*** Opening of Data supplied ***
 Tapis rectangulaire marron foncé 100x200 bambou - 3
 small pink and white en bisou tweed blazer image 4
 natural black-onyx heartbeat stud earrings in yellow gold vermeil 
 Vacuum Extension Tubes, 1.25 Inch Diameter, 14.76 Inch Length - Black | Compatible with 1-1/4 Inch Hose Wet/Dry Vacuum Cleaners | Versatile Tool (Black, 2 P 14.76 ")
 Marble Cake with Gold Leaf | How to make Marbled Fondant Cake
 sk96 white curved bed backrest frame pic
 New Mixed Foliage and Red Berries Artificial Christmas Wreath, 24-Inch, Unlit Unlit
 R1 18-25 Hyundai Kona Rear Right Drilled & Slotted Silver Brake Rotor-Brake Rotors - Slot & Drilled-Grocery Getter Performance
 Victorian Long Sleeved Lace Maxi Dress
*** Close of Data supplied ***
What is expected
Starting at the line with "natural black-onyx heartbeat" and ending at the line with "sk96 white curved bed backrest frame pic", print each line of the listing above exactly, with no other lines.

Output of the task
 natural black-onyx heartbeat stud earrings in yellow gold vermeil 
 Vacuum Extension Tubes, 1.25 Inch Diameter, 14.76 Inch Length - Black | Compatible with 1-1/4 Inch Hose Wet/Dry Vacuum Cleaners | Versatile Tool (Black, 2 P 14.76 ")
 Marble Cake with Gold Leaf | How to make Marbled Fondant Cake
 sk96 white curved bed backrest frame pic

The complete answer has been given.